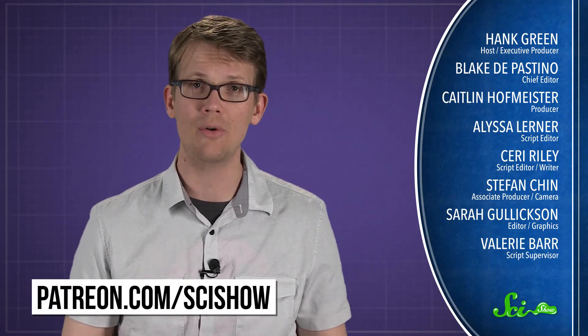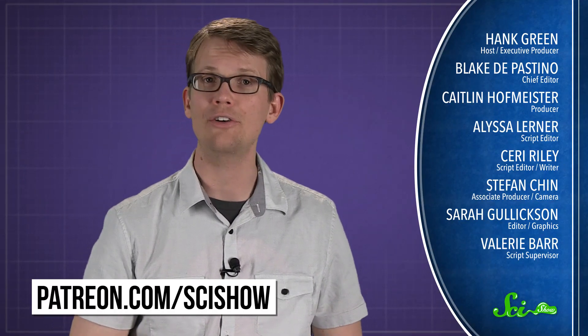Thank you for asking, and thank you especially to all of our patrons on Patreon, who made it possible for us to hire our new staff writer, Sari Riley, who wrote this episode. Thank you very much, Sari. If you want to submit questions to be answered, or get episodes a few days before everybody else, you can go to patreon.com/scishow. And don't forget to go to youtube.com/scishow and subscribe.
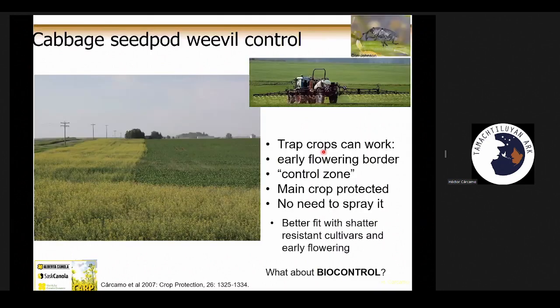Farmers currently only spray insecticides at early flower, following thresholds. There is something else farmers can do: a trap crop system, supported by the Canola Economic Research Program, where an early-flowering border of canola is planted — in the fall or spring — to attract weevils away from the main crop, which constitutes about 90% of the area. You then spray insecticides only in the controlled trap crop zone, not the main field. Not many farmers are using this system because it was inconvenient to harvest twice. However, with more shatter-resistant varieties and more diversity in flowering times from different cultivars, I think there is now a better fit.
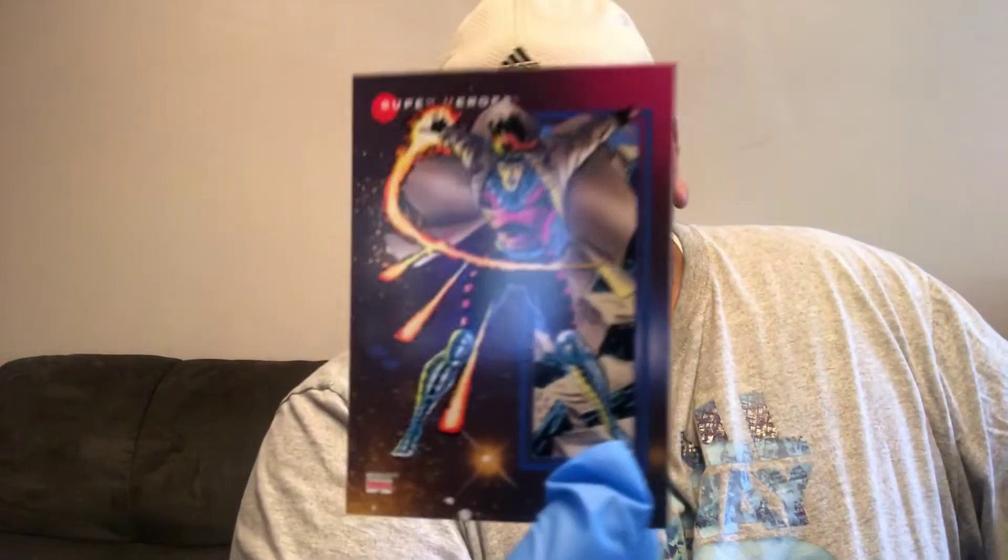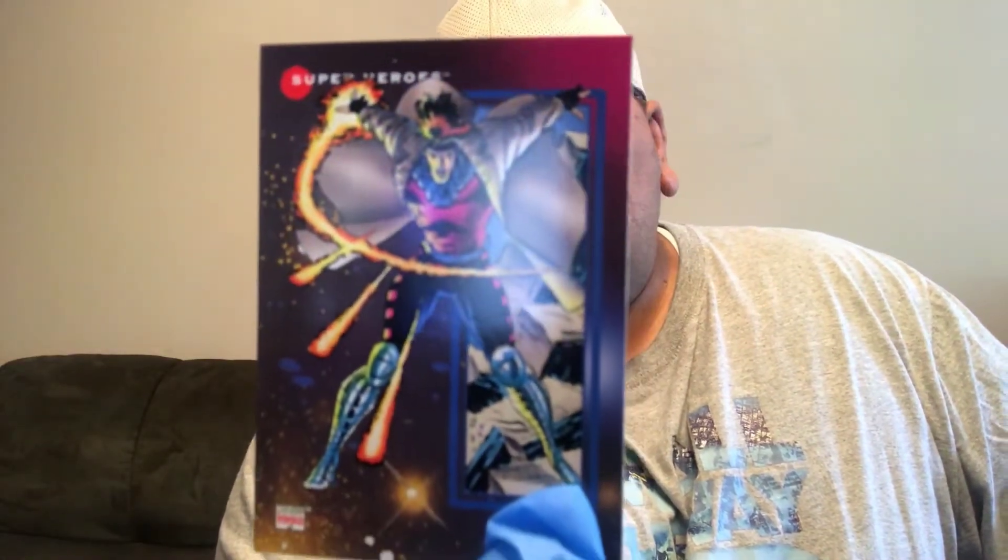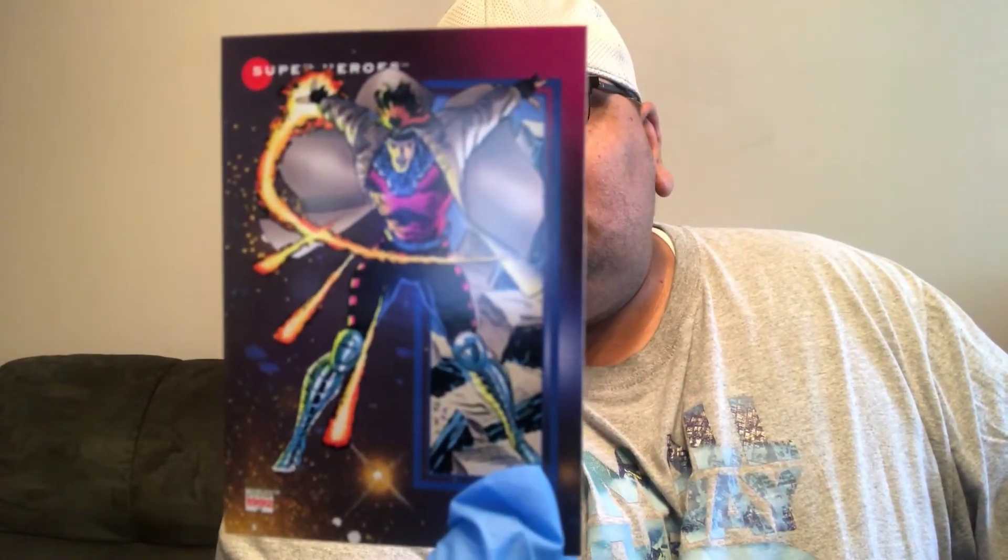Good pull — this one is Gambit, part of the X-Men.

### Prompt:
Reproduce the material word for word. Any pictures should be left out of the copy.

### Exercise output:
Thank you for asking, and thank you especially to all of our patrons on Patreon, who made it possible for us to hire our new staff writer, Sari Riley, who wrote this episode. Thank you very much, Sari. If you want to submit questions to be answered, or get episodes a few days before everybody else, you can go to patreon.com/scishow. And don't forget to go to youtube.com/scishow and subscribe.
Farmers currently only spray insecticides at early flower, following thresholds. There is something else farmers can do: a trap crop system, supported by the Canola Economic Research Program, where an early-flowering border of canola is planted — in the fall or spring — to attract weevils away from the main crop, which constitutes about 90% of the area. You then spray insecticides only in the controlled trap crop zone, not the main field. Not many farmers are using this system because it was inconvenient to harvest twice. However, with more shatter-resistant varieties and more diversity in flowering times from different cultivars, I think there is now a better fit.
Good pull — this one is Gambit, part of the X-Men.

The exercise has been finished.